Todas suas noites eram imprevisíveis. Ela não podia saber se dormiria em paz ou se acordaria no meio da madrugada com um pesadelo terrível. Simplesmente não dava para ter ideia alguma disso. Isso não se estendia apenas a ela, claro. James também não podia evitar de ficar apreensivo, e já tinha perdido a conta de quantas vezes precisou acalmar uma Lily histérica e ofegante, que acordara do nada aos gritos.

Mas, aquela noite não seria uma das calmas, ao que tudo indicava. Ela se revirava de um lado para o outro na cama, inquieta demais com alguma coisa que só era visível no seu subconsciente. Sua respiração foi de normal e tranquila a acelerada em segundos. James a puxou para perto, na tentativa de acordá-la e, por consequência, a deixá-la mais calma.

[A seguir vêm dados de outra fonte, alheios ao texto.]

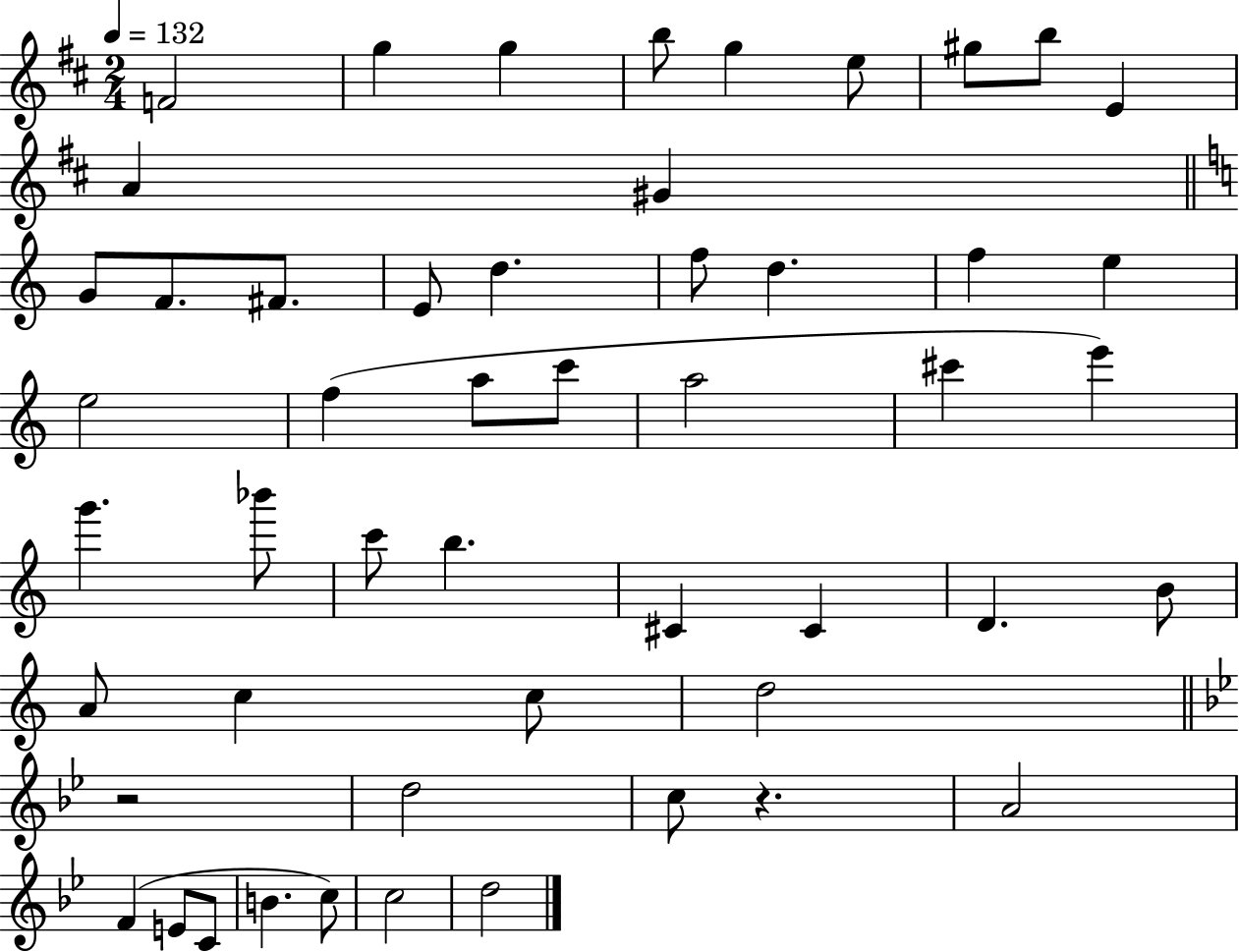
F4/h G5/q G5/q B5/e G5/q E5/e G#5/e B5/e E4/q A4/q G#4/q G4/e F4/e. F#4/e. E4/e D5/q. F5/e D5/q. F5/q E5/q E5/h F5/q A5/e C6/e A5/h C#6/q E6/q G6/q. Bb6/e C6/e B5/q. C#4/q C#4/q D4/q. B4/e A4/e C5/q C5/e D5/h R/h D5/h C5/e R/q. A4/h F4/q E4/e C4/e B4/q. C5/e C5/h D5/h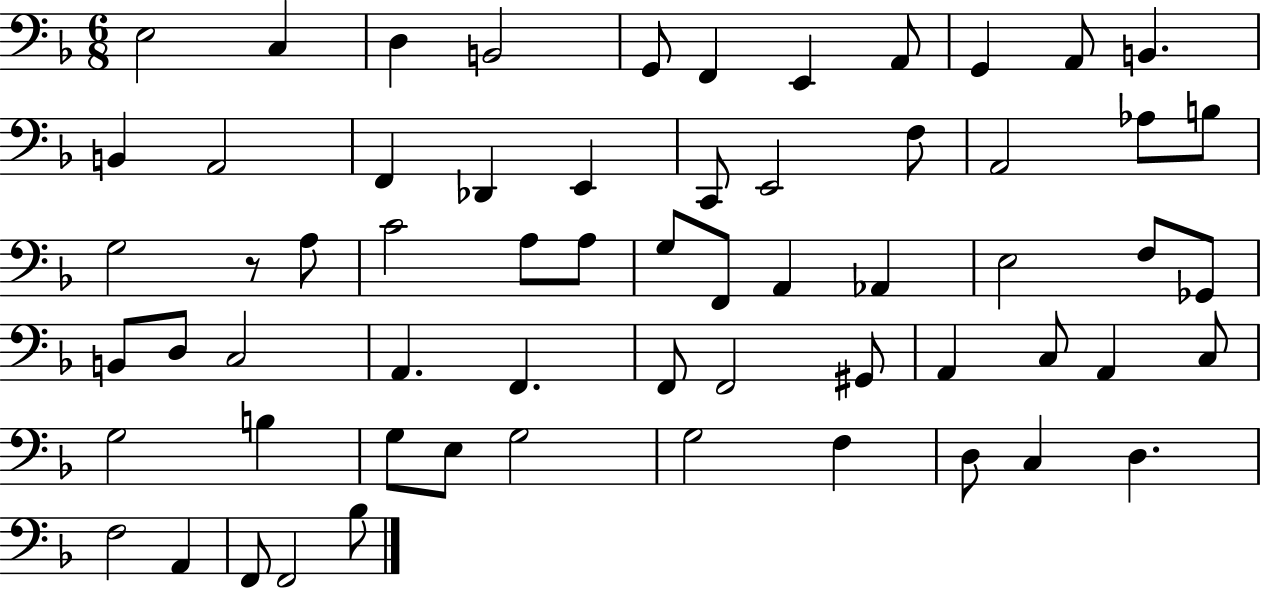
{
  \clef bass
  \numericTimeSignature
  \time 6/8
  \key f \major
  \repeat volta 2 { e2 c4 | d4 b,2 | g,8 f,4 e,4 a,8 | g,4 a,8 b,4. | \break b,4 a,2 | f,4 des,4 e,4 | c,8 e,2 f8 | a,2 aes8 b8 | \break g2 r8 a8 | c'2 a8 a8 | g8 f,8 a,4 aes,4 | e2 f8 ges,8 | \break b,8 d8 c2 | a,4. f,4. | f,8 f,2 gis,8 | a,4 c8 a,4 c8 | \break g2 b4 | g8 e8 g2 | g2 f4 | d8 c4 d4. | \break f2 a,4 | f,8 f,2 bes8 | } \bar "|."
}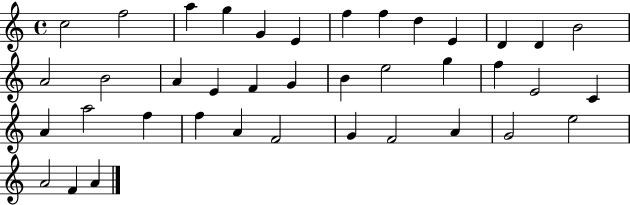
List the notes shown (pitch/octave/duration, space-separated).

C5/h F5/h A5/q G5/q G4/q E4/q F5/q F5/q D5/q E4/q D4/q D4/q B4/h A4/h B4/h A4/q E4/q F4/q G4/q B4/q E5/h G5/q F5/q E4/h C4/q A4/q A5/h F5/q F5/q A4/q F4/h G4/q F4/h A4/q G4/h E5/h A4/h F4/q A4/q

— Lily, ei, calma — murmurou. — Está tudo bem agora, foi só um sonho.

— Eu sonhei que... a doença me matava — a resposta dela era dolorosa. — E eu estava horrorosa. Você ainda vai me amar quando eu não for mais jovem e bela? Bom, na verdade, só bela porque já não somos jovens.

— Não fique pensando nesse tipo de coisa para não ter esses sonhos — James falava como se estivesse brigando com uma criança, num tom calmo, porém firme. — E eu vou te amar de todo jeito, entendeu? — ela concordou com um sorriso fraco. — Agora, volte a dormir e pense em coisas boas.

Então, seguindo o que ele disse, Lily pensou só em coisas boas, nas suas memórias favoritas. Reviveu os momentos que teve com James ao longo dos anos, e, sempre que fazia isso, era quase inevitável lembrar de seu quase casamento com Diggory. Por sorte, havia dado tudo errado e sua vida pôde ter o rumo que teve.

Mas, sua memória favorita ainda era de quando viu Harry pela primeira vez. Sempre, independente da hora, que pensava nisso, um sorriso involuntário brotava no rosto. E ela preferiu dormir assim, sorrindo, para que não tivesse mais nenhum sonho ruim.